Materials provided:
----
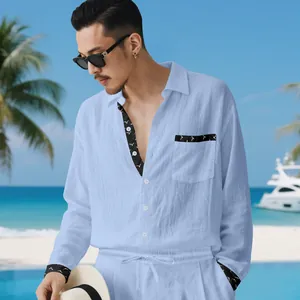 Mens light blue linen shirt and trousers set with patterned trim on a beach background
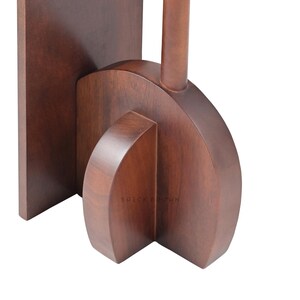May include: Close-up of a wooden object with a dark brown finish. The object has a rectangular base, a curved central section, and a cylindrical element extending upwards. The text "BRICK BROWN" is visible.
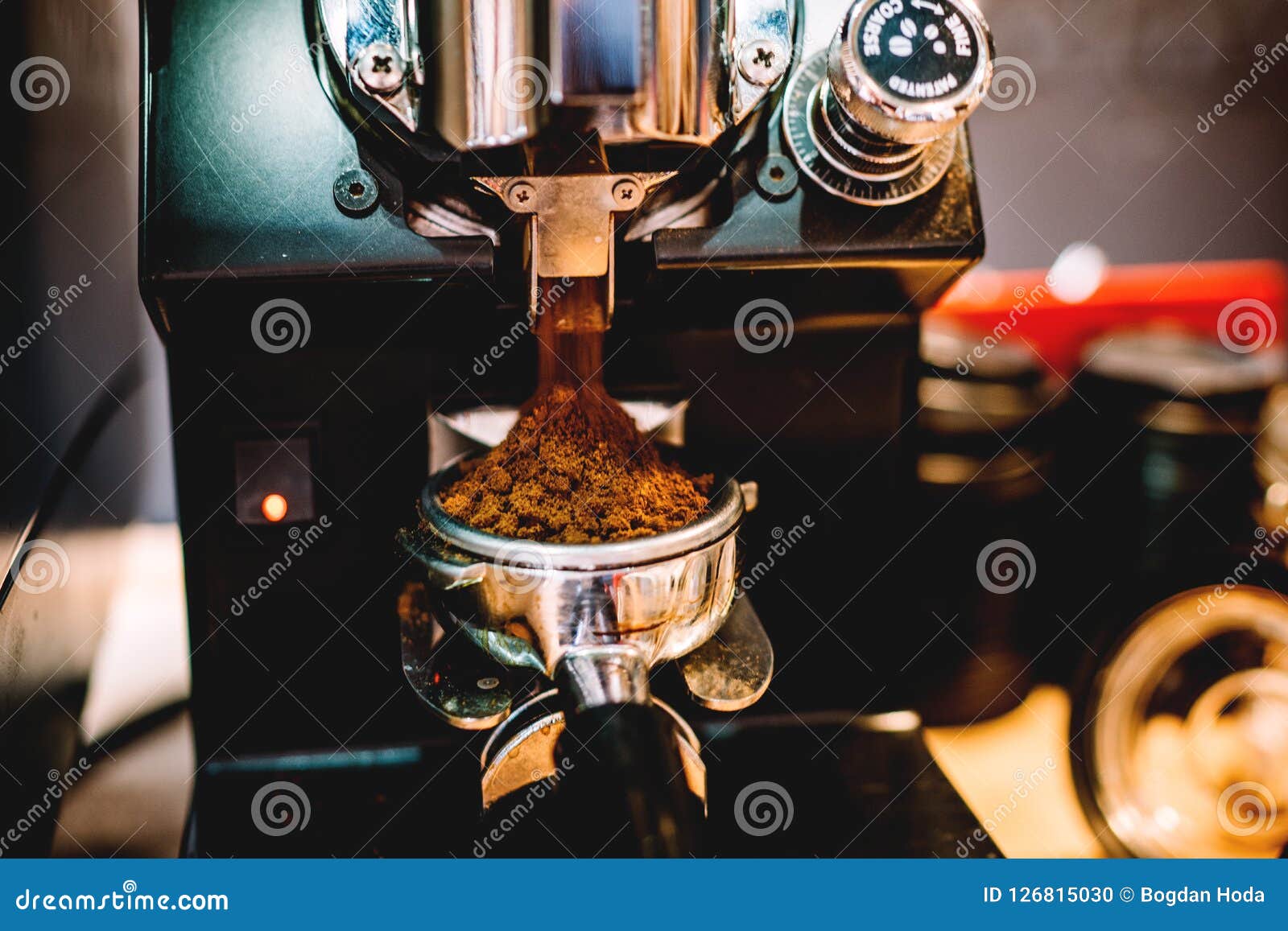 Grinding Coffee, Freshly Grinded Coffee by Barista in Cafe Stock Photo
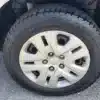 Front tire of a 2015 Dodge Journey SE on pavement, showcasing a silver alloy wheel and clear tread pattern. The word Rotation is embossed on the sidewall, with part of the vehicles white body visible above the wheel.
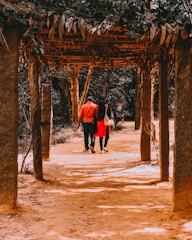 Bride walking down a tree-lined path with sunlight filtering through leaves.
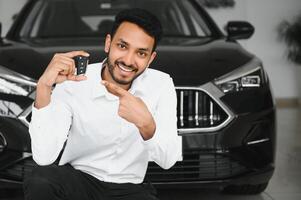 Successful indian businessman in a car dealership - sale of vehicles to customers. photo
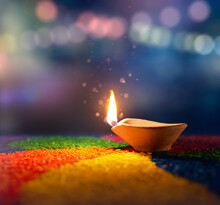 Happy Diwali, Lit Diya Lamp On An Abstract Background With Shallow Depth Of Field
----
Please transcribe exactly the line containing "May include: Close-up" and every later line through the end of the records above, omitting pictures.

Response:
May include: Close-up of a wooden object with a dark brown finish. The object has a rectangular base, a curved central section, and a cylindrical element extending upwards. The text "BRICK BROWN" is visible.
 Grinding Coffee, Freshly Grinded Coffee by Barista in Cafe Stock Photo
 Front tire of a 2015 Dodge Journey SE on pavement, showcasing a silver alloy wheel and clear tread pattern. The word Rotation is embossed on the sidewall, with part of the vehicles white body visible above the wheel.
 Bride walking down a tree-lined path with sunlight filtering through leaves.
 Successful indian businessman in a car dealership - sale of vehicles to customers. photo
 Happy Diwali, Lit Diya Lamp On An Abstract Background With Shallow Depth Of Field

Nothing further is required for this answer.